**WHAT IS NEEDED**
Each line from the beginning of the entries below through the line that includes "GREEN LEAFY STAMPS TV-bänk med 3 dörrar" must be returned exactly as given.

**RECORDS FOR THIS TASK**
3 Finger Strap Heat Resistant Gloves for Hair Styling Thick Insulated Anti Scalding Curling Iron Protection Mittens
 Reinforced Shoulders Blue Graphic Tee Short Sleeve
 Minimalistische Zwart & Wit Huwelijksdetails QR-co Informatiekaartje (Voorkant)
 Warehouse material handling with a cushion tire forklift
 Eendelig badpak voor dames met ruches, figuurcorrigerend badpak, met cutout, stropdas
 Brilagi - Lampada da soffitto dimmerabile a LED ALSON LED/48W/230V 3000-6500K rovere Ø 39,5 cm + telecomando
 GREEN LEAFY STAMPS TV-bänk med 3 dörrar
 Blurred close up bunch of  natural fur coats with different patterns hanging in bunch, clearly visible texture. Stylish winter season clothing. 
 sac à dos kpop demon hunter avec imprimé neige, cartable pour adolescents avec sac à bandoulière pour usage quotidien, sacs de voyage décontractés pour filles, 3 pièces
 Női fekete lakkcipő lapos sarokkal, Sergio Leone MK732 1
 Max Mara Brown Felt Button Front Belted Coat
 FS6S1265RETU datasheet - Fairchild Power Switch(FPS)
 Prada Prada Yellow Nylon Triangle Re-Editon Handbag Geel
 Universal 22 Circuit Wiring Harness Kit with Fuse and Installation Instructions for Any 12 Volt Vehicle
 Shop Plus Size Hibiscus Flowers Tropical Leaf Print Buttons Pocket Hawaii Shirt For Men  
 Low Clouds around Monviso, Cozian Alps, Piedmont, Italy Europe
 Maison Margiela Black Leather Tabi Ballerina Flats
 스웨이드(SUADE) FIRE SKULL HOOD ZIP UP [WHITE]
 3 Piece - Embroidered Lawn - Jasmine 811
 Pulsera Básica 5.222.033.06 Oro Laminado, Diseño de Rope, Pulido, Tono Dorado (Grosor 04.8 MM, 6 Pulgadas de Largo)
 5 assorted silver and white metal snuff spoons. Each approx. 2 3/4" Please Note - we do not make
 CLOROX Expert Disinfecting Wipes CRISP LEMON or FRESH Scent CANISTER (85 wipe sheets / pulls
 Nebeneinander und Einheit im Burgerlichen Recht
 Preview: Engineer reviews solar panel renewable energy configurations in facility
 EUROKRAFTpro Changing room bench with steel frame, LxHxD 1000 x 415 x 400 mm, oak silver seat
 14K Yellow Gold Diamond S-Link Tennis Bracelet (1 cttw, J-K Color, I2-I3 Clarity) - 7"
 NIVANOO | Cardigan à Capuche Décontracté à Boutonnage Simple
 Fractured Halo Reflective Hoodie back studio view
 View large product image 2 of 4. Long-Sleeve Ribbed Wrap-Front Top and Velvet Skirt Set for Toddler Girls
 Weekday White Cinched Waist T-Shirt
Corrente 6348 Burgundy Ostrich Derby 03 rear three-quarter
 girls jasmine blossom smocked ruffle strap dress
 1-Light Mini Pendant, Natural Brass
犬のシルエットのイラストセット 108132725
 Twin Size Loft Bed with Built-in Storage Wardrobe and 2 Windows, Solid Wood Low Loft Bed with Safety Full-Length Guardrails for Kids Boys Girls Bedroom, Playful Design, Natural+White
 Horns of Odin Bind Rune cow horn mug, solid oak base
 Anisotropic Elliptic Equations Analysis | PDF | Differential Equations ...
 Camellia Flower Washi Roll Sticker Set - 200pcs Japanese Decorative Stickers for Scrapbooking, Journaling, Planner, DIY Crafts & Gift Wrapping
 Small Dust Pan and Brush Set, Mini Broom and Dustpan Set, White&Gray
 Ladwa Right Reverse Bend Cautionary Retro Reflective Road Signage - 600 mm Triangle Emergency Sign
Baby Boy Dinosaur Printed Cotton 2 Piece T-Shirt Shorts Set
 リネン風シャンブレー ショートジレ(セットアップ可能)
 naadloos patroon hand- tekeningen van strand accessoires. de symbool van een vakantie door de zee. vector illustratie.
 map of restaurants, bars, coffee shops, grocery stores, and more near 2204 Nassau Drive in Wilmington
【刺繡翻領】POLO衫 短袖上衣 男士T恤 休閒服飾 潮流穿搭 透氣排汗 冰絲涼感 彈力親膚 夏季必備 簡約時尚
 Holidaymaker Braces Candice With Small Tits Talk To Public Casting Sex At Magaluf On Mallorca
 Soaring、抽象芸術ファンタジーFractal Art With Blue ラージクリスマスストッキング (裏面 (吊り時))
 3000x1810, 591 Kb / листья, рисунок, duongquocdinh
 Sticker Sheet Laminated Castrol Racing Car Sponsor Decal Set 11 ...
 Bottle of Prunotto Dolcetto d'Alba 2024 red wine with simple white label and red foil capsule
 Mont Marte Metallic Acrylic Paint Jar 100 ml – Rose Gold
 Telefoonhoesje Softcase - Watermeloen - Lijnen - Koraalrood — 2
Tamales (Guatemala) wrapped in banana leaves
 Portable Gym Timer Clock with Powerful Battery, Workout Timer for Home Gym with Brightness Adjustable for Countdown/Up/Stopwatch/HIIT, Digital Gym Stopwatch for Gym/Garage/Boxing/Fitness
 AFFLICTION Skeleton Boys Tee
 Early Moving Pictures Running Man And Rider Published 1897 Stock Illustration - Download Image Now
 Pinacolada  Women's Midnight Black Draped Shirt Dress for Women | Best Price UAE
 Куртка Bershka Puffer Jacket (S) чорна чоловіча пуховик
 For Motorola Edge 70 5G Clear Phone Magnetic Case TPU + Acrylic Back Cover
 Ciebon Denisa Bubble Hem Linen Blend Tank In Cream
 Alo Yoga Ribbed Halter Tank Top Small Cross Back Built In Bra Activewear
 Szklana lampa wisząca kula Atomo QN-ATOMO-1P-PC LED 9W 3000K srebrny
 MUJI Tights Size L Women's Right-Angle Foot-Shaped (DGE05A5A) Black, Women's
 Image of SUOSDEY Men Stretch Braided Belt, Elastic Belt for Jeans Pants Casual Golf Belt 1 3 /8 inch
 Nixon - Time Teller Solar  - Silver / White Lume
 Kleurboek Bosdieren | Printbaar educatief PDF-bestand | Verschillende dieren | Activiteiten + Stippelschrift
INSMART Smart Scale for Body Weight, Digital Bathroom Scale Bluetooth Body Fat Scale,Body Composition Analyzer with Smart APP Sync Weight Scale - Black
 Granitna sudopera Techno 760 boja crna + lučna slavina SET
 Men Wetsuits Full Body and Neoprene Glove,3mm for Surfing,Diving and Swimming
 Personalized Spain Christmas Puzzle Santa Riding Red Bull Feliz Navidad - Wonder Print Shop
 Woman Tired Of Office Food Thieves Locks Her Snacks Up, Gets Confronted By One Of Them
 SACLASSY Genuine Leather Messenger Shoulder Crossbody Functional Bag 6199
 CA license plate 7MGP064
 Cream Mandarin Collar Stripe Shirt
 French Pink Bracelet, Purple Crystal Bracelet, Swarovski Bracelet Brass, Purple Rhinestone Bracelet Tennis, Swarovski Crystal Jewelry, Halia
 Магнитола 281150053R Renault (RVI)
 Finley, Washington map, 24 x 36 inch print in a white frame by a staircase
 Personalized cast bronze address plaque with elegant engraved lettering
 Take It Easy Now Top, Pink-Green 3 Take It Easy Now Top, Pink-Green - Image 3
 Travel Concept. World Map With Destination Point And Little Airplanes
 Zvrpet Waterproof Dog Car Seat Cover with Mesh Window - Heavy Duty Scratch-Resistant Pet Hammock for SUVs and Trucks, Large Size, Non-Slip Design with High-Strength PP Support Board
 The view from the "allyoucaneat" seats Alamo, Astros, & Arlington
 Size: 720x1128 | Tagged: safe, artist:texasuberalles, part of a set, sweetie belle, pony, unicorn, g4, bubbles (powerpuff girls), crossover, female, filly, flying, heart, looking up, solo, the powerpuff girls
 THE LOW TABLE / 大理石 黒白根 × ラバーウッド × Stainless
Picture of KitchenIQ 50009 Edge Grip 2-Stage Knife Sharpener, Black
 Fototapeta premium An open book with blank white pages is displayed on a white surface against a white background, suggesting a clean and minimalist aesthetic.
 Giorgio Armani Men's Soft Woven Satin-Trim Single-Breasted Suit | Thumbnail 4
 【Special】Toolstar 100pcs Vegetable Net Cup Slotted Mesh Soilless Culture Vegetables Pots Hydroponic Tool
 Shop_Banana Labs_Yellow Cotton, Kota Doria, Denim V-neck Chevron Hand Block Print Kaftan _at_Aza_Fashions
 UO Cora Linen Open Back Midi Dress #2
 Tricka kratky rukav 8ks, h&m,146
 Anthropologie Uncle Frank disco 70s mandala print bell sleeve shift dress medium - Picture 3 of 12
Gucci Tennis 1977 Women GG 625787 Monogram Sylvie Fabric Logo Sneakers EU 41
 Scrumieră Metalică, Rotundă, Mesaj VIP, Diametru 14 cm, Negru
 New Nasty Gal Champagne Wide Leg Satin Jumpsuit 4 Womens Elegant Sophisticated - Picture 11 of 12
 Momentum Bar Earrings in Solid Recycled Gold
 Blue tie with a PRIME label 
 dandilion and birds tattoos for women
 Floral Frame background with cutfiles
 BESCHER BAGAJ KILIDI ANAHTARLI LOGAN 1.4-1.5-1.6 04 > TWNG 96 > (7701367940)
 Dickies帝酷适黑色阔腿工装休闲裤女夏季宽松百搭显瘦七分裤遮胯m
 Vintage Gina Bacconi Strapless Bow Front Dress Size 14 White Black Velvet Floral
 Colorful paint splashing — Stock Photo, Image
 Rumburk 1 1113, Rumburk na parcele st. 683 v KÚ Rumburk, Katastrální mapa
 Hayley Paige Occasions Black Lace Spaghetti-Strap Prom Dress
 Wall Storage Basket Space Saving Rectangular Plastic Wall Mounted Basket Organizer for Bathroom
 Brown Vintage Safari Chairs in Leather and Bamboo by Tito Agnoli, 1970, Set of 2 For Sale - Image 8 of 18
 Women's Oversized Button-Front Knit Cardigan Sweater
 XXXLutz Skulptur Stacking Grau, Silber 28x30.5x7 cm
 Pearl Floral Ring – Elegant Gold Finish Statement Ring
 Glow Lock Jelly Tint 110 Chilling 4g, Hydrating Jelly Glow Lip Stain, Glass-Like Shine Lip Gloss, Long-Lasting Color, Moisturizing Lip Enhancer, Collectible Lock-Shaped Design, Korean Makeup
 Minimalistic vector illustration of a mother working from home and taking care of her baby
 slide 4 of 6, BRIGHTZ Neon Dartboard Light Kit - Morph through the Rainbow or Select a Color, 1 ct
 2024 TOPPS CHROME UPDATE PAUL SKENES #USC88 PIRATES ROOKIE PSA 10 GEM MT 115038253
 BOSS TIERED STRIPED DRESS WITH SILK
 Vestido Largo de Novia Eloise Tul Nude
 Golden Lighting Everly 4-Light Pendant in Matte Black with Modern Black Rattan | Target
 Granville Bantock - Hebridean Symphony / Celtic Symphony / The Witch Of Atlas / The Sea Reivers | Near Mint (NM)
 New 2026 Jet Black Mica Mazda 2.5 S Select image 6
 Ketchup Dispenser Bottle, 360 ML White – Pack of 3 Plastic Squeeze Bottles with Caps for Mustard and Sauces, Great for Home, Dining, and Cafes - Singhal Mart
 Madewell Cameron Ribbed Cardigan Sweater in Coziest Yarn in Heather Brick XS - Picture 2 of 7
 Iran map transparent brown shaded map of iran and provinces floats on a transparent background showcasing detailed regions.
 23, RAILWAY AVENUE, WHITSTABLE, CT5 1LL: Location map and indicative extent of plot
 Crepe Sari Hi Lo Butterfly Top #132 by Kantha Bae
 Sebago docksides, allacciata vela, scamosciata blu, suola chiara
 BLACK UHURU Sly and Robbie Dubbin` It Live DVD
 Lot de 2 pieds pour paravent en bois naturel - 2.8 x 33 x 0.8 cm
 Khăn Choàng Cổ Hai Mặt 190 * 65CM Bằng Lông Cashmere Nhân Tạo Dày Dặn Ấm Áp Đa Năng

**ANSWER SECTION**
3 Finger Strap Heat Resistant Gloves for Hair Styling Thick Insulated Anti Scalding Curling Iron Protection Mittens
 Reinforced Shoulders Blue Graphic Tee Short Sleeve
 Minimalistische Zwart & Wit Huwelijksdetails QR-co Informatiekaartje (Voorkant)
 Warehouse material handling with a cushion tire forklift
 Eendelig badpak voor dames met ruches, figuurcorrigerend badpak, met cutout, stropdas
 Brilagi - Lampada da soffitto dimmerabile a LED ALSON LED/48W/230V 3000-6500K rovere Ø 39,5 cm + telecomando
 GREEN LEAFY STAMPS TV-bänk med 3 dörrar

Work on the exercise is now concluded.